Rezension

Upstairs,Downstairs

Unsereins -

Unsereins
von Inger-Maria Mahlke

Bewertet mit 4 Sternen

          „Was Georg hier im kleinsten Staat will? Die Übergabe eines Ölzweigkranzes überwachen und sich vor Celia blamieren. Falls der morgige Abend wie erwartet verläuft.“

Für ihre Publikation „Archipel“ wurde Inger-Maria Mahlke 2018 mit dem Deutschen Buchpreis ausgezeichnet.

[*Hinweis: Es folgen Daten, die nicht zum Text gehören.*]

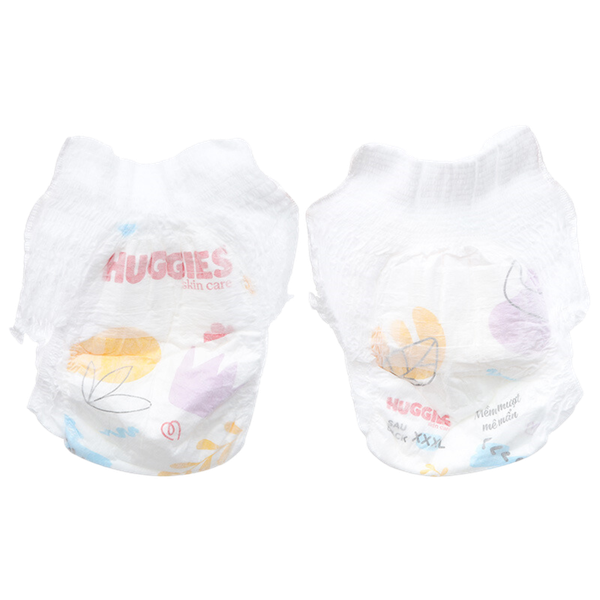 Tã Huggies Quần Skin care XXXL-22+6 (> 17 Kg)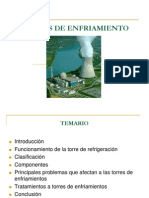 Torres de Enfriamiento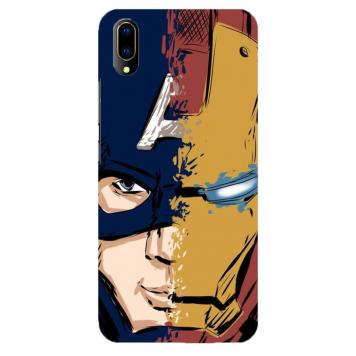 NDCOM Avengers End Game Captain America And Iron Man Fa...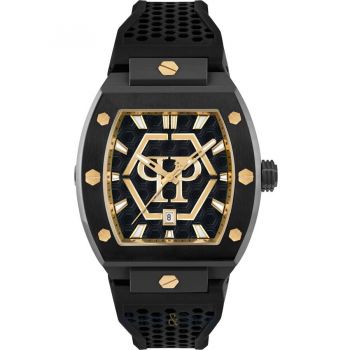 Ceas Philipp&nbsp;Plein Philipp Plein PWPUA0224 Mens Watch The Hexagon Phantom 44mm 5ATM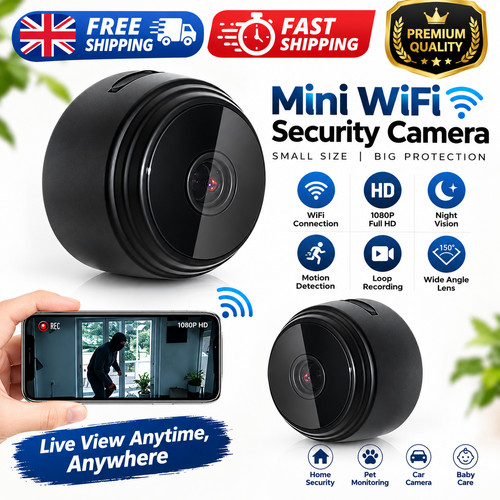 Mini wifi camera wireless - a9,
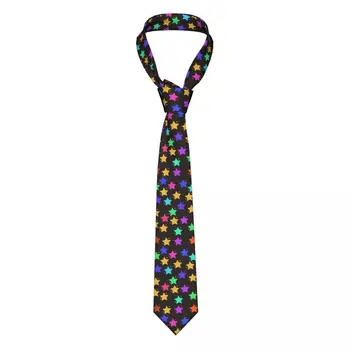 Steaua Cravata Barbati 8 cm Lățime Heartstopper Kit Connor Oseman Charlie Nick Băieții Iubesc Gât Cravată pentru Bărbați de zi cu Zi Purta Cravată Cadou de Nunta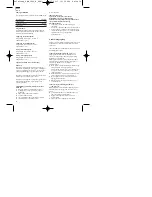 Предварительный просмотр 36 страницы Alpha tools SBM 1000 E Original Operating Instructions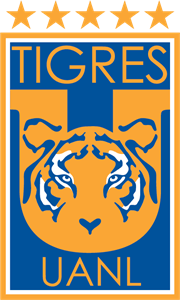 Tigres del Universitario de Nuevo León Logo Vector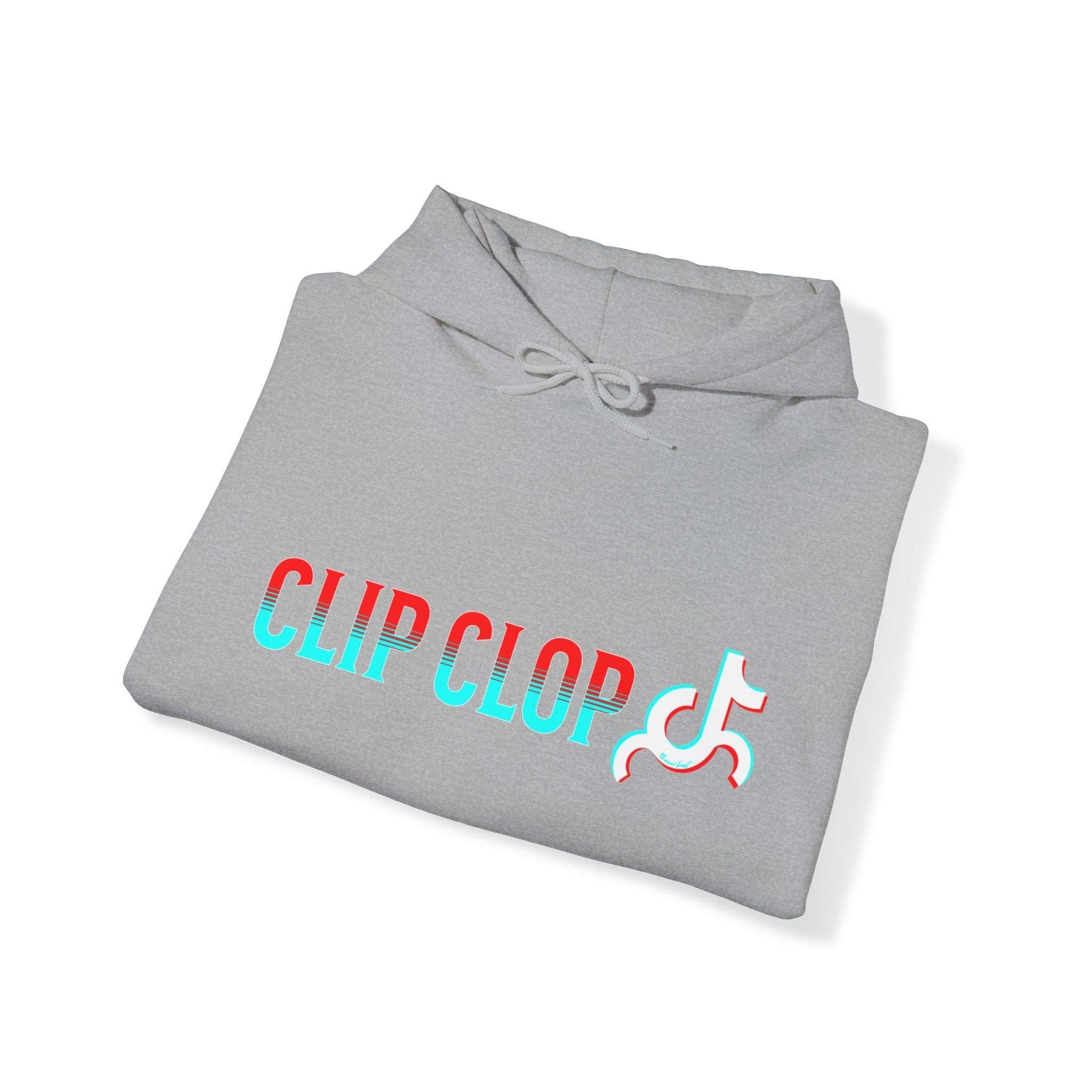 Clip Clop Signature Unisex Heavy Blend™ Hooded Sweatshirt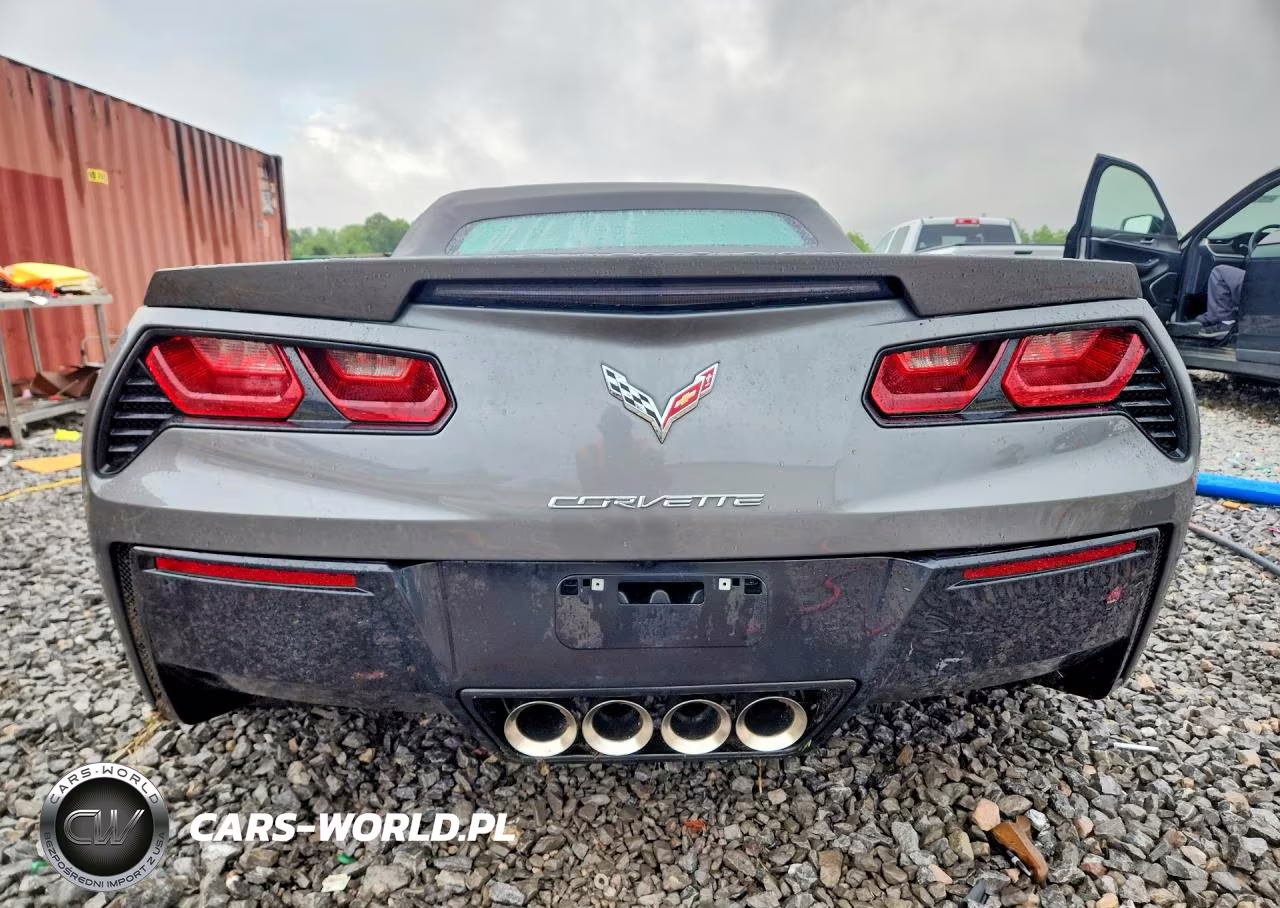 2015 Chevrolet Corvette Stingray Z51 2Lt VIN:1G1YK3D76F5102140 - 6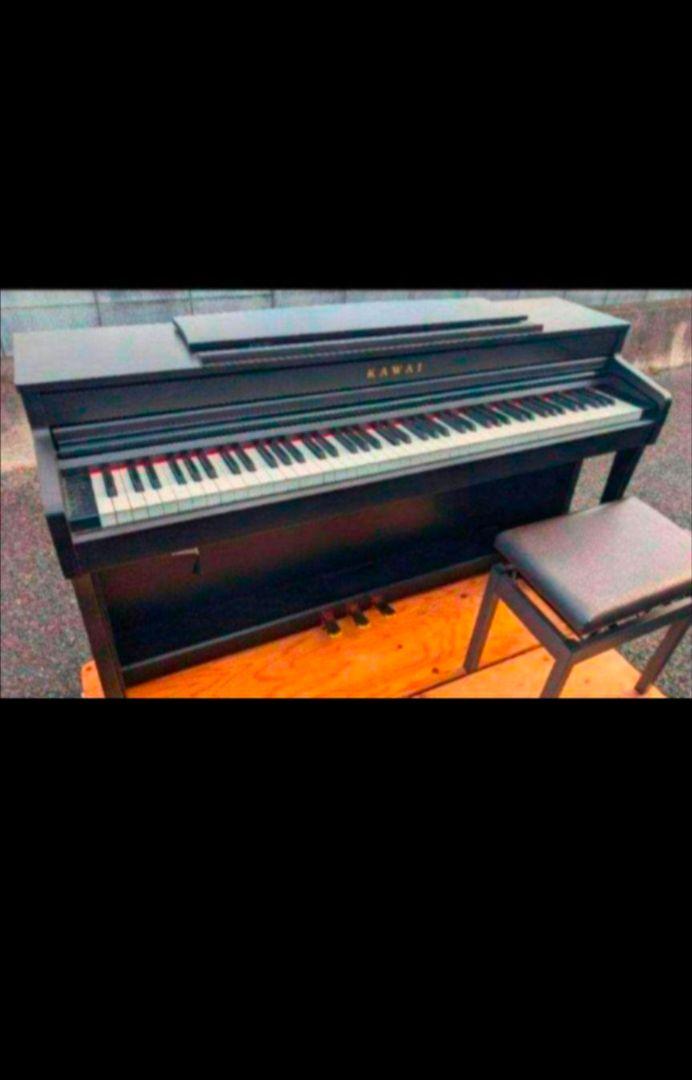 送料込み KAWAI 木製鍵盤 電子ピアノ CA49R 21年購入ほぼ新品レ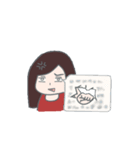 あさちゃんとしーちゃん（個別スタンプ：35）
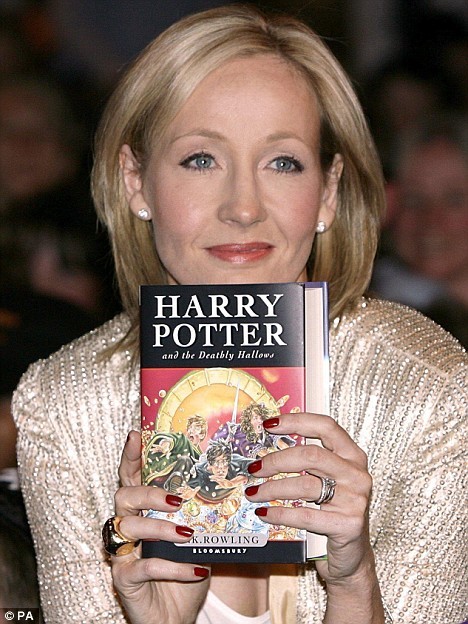 “Me de” Harry Potter - J.K. Rowling: 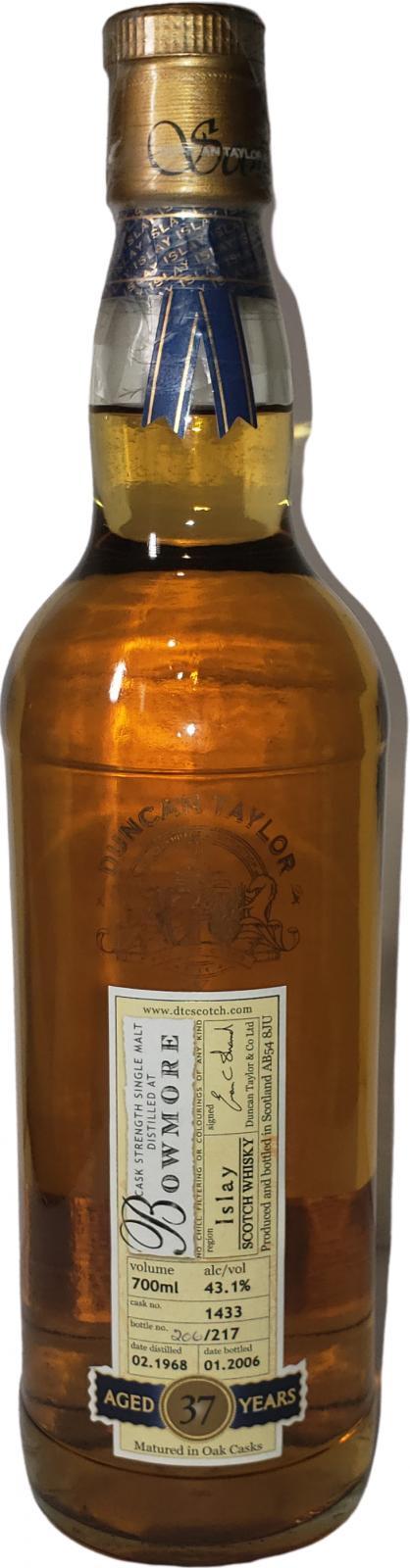 Bowmore 1968 DT Rare Auld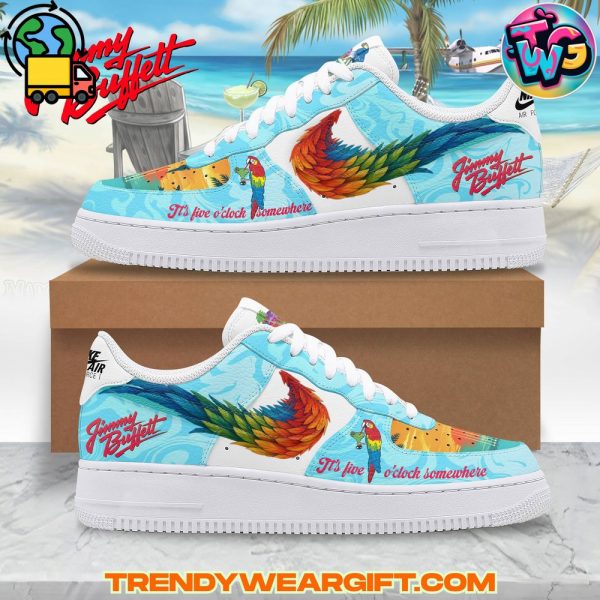 Jimmy Buffett Air Force 1 Sneaker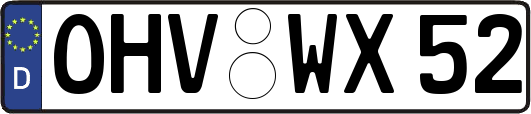 OHV-WX52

Das Familienepos „Unsereins“ kann sich ebenfalls sehen lassen, die Rechercheleistung Mahlkes ist beachtlich, die Erzählung ist formal in 15 Teile gegliedert. ‚Die Buddenbrooks‘ lassen grüßen.
Der Roman ist zeitlich im langen 19. Jahrhundert (und zu Beginn des 20. Jahrhunderts) angesiedelt, ein auktorialer Erzähler führt durch das Geschehen. Im Zentrum steht eine Lübecker Familie, die eigentlich alle Kriterien erfüllt, die es sozial zu erfüllen gibt: Die kinderreichen Lindhorsts sind ebenso kaisertreu wie konservativ. Als Juden werden sie dennoch Außenseiter bleiben.
Handlungsort ist der Stadtstaat Bremen, und die Geschichte ist in ihrem Kern eine Milieustudie und zugleich ein Gesellschaftsporträt, eine Erzählung über Ständeunterschiede im Kaiserreich. Upstairs, Downstairs. Angesichts der Fülle der handelnden Personen habe ich mich sehr über das Personenverzeichnis gefreut, auch die Karte zu Beginn des Buches war hilfreich. Bei der Betrachtung des historischen Romans sollte man aber nicht nur in der Kategorie „Wirtschafts- und Sozialgeschichte“ denken. Die Autorin Inger - Maria Mahlke legt das Augenmerk vor allem auf die Frauen und geht der Frage nach, inwiefern Emanzipation in den engen gesellschaftlichen Grenzen möglich war, auch das Geschlecht war natürlich ein Faktor, welcher der Selbstverwirklichung im Wege stand. Man kann definitiv etwas Lernen, das Sittengemälde bietet aber mehr als eine flache Faktensammlung.
Der Ton ist ironisch-distanziert, zynisch ist er jedoch nicht. Mir hat es gut gefallen, dass die Vergangenheit hier weder verteufelt noch glorifiziert wird; während der Lektüre kam keine Langeweile auf. Man sollte als Leser dennoch geduldig sein – „Unsereins“ ist keine Geschichte, die in einem Rutsch gelesen ist.